Are you thinking of making New Year's resolutions for 2010 – again? Ones which, let’s face it, we will almost certainly break, by – oh, around the end of the first week, if not sooner!
This year let's do something different.
Why not make some New YOU resolutions? Call them ‘New You Revolutions’ if you like. Better still call it an attitude realignment. You can’t break one of those!
Attitudes come out of deeply-held beliefs. Many of them are too complex to express, but here are a few that many of us share:
Belief #1. What can I do, I'm only one person . . ?
Lucky that Churchill, Florence Nightingale, Fred Hollows and Gandhi didn't say that. Where would millions have been if Mother Theresa had sat back in her home village, in what was then Yugoslavia, and said "Well, it's quite obvious that I can do nothing. I am only a woman."? And would we be as comfortable today in Australia if individual young men and women had not battled sixty-plus years ago in mud and jungle to win us safety? Bryce Courtenay in his brilliant novel The Power of One has six year old Peekay say, "Small can beat big if you have a plan." One can beat a multitude too.
Belief #2. I'm getting older. Life is passing me by.
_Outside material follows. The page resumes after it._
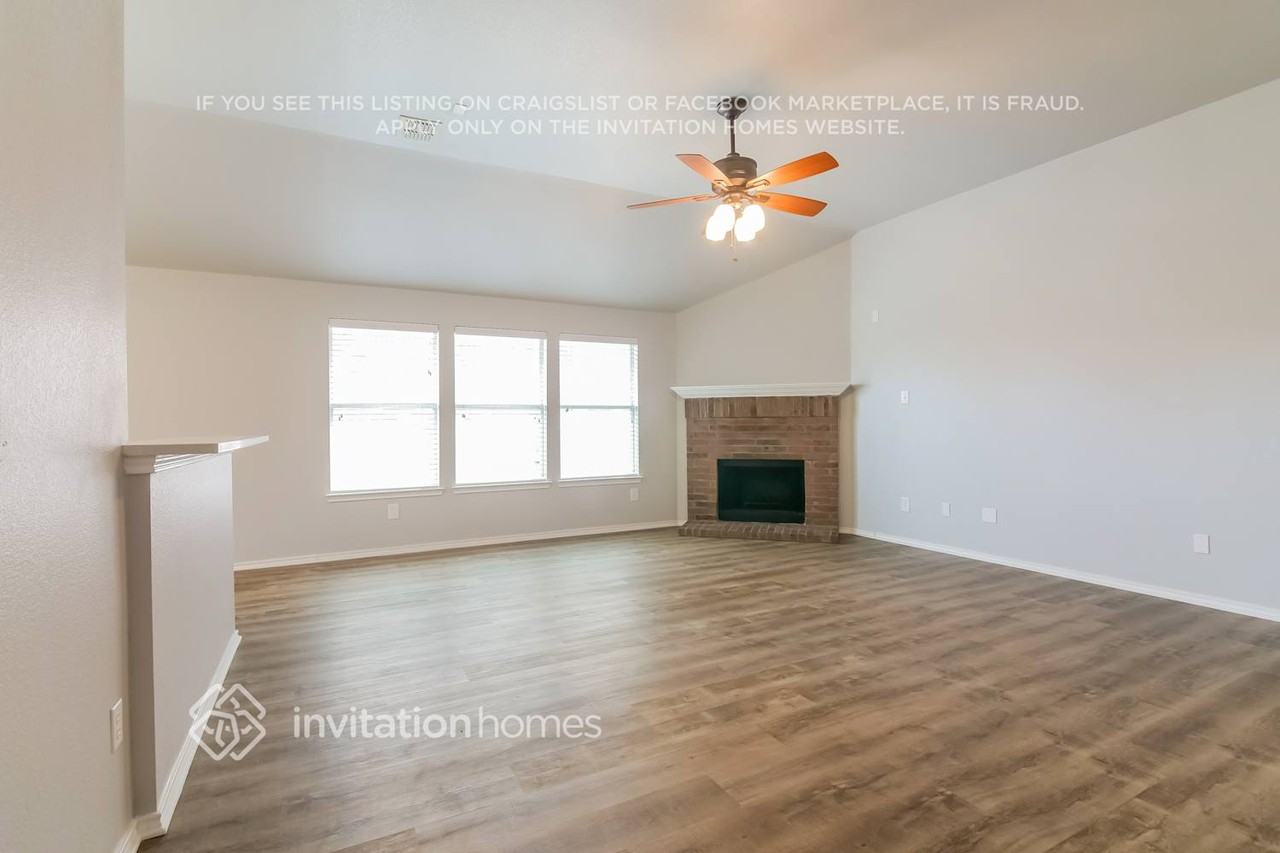 205 Stampede St - Photo 4 of 17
Over four hundred years ago Cervantes said: "As a man thinks, so does he become. Every man is the son of his own works." Think old - you'll be and act old. Think useful, and you will be. Mid-life often brings us more than wrinkles. It can affect our teeth, our eyesight and bring on many aches and pains that we never knew we had – or it can build on the wisdom and experience of the life we’ve already lived, enabling us at last to really contribute to our world. The choice is ours. Reactive people use 'I can't. He made me do it. That gets me angry. That's just the way I am!' Proactive behaviour makes no excuses – just gets in and does something about the problem.
Come to the edge, he said.
They said: We are afraid.
Come to the edge, he said.
They came.
He pushed them, and they flew.....

Guillaume Apollinaire (19th-century French poet)
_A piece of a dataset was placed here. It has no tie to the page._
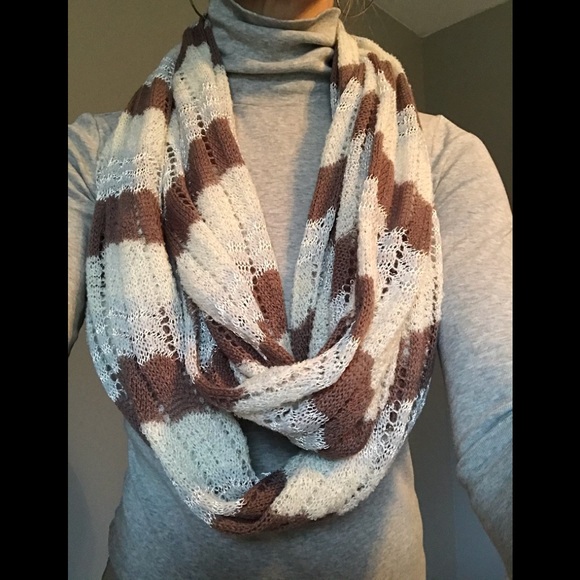 Staring At Stars Oatmeal & Taupe Infinity Scarf - Picture 5 of 7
Belief #3. I'm not much good.
Cellulite? So what! 'Laugh-lines'? Who's laughing? Certainly not the person who's finding them. But try to forget those external things. Carl Jung a prominent twentieth century psychiatrist and psychologist once said:
"Who looks outside dreams; who looks insides wakes." Sometimes looking at the outside is more like a nightmare – but I need to value myself for what I am inside.
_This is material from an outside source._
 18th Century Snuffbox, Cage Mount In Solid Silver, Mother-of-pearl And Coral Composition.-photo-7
Belief #4. The world is full of greedy, angry, selfish people, out for themselves alone.
True? Yes – and no. It is also full of sad, hurting, nervous, gentle, loving, needy people too. It all depends on how we look at them. If I lend you my glasses, you might see the world quite differently, because my lenses are ground to suit the special needs of my own eyes. Your glasses would not suit me. Does that make what we see any different? Of course not – but it sure alters the way we react sometimes.
Belief #5. As the saying goes, 'Life's a bitch, and then you die’.
Goethe, that great German poet, did not believe that. "This life is the childhood of our eternity," he said. Being a child can be difficult – learning, changing, being disciplined unfairly sometimes – but it makes us the sort of grown-ups we will become. The great thinker, Hazrat Inayat Khan, said: "Life is what it is, you cannot change it, but you can change yourself."
A New You? What better way to start a New Year.
MAKE IT HAPPEN: A CHANGE A DAY
Find some paper and note down some changes you want to make. If they are large changes (lose weight, get a job) break them up into smaller changes and then tiny steps. Find the prettiest, brightest, happiest calendar you can – one with big boxes for each day and write one small change into each square. Tick each one, boldly – triumphantly – at the end of the day.